Discriminazione di genere nel regolamento
Il ricorso della vigilessa esclusa è sostenuto dagli avvocati Amedeo Di Odoardo e Fabio Caprioni, che hanno evidenziato come il regolamento penalizzi in modo particolare le donne. Infatti, mentre gli uomini possono indossare pantaloni che coprono i tatuaggi, le donne sono obbligate a indossare gonne, rendendo visibili i loro segni distintivi. Questo aspetto ha sollevato interrogativi sulla parità di trattamento tra i sessi all’interno delle forze dell’ordine. L’avvocato Di Odoardo ha dichiarato: “Non c’è alcuna logica nell’escludere la ricorrente, poiché il suo tatuaggio non sarebbe visibile se indossasse i pantaloni”.
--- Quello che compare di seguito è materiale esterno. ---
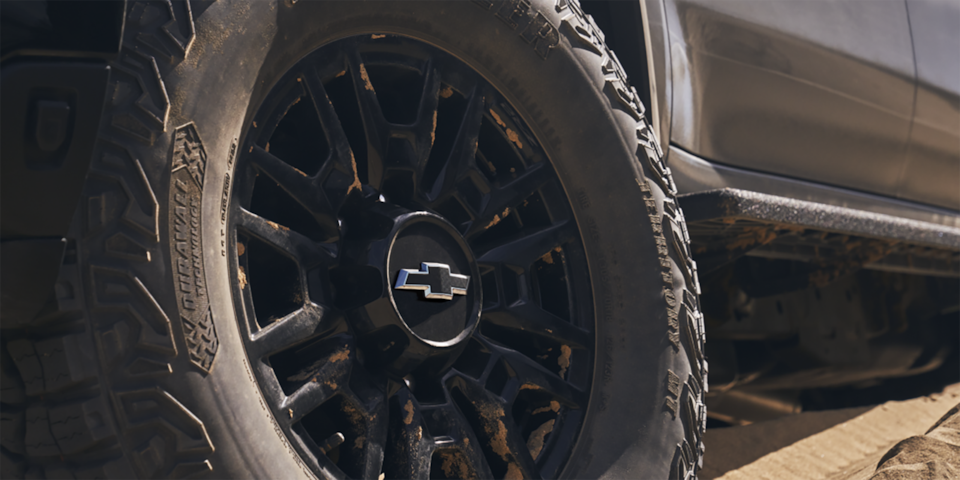 Close up view of the 35-inch Goodyear Wrangler Territory tires on the 2025 Chevrolet Silverado HD pickup truck.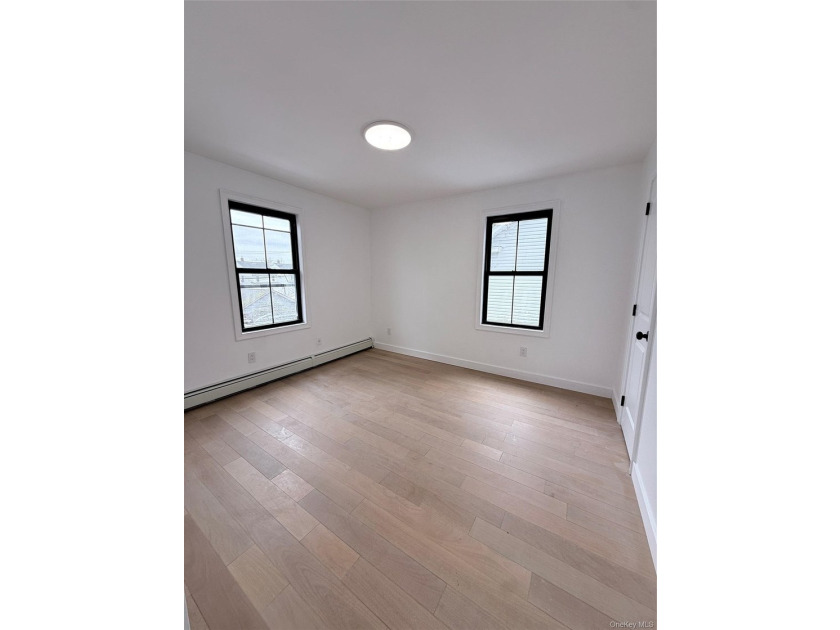Welcome to this beautifully renovated one-family home with an - photo 16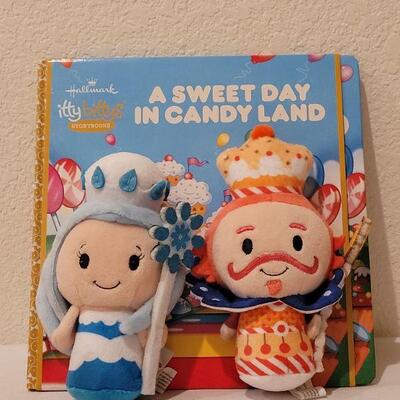 Lot 264: New Candy Land Book & Itty Bittys and (3) Happy Go Luckys Happy Packs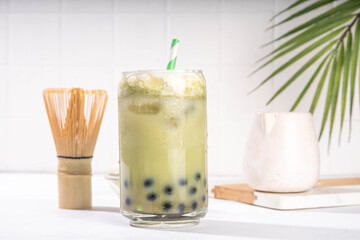 Green matcha boba bubble tea with tapioca pearl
Un dibattito in evoluzione sui tatuaggi nelle professioni
Il caso della vigilessa di Lanciano non è isolato. Già in passato, situazioni simili sono state portate all’attenzione della giustizia, come un caso analogo che ha visto il Tribunale amministrativo regionale del Lazio riconoscere una chiara discriminazione. Tuttavia, il Consiglio di Stato ha confermato la discrezionalità degli enti locali nell’applicare tali regolamenti. Questo solleva interrogativi su come i tempi siano cambiati riguardo ai tatuaggi in professioni tradizionalmente rigide come quelle delle forze dell’ordine. Molti auspicano che le normative vengano riviste per riflettere una società in evoluzione, dove l’espressione personale non dovrebbe essere motivo di esclusione.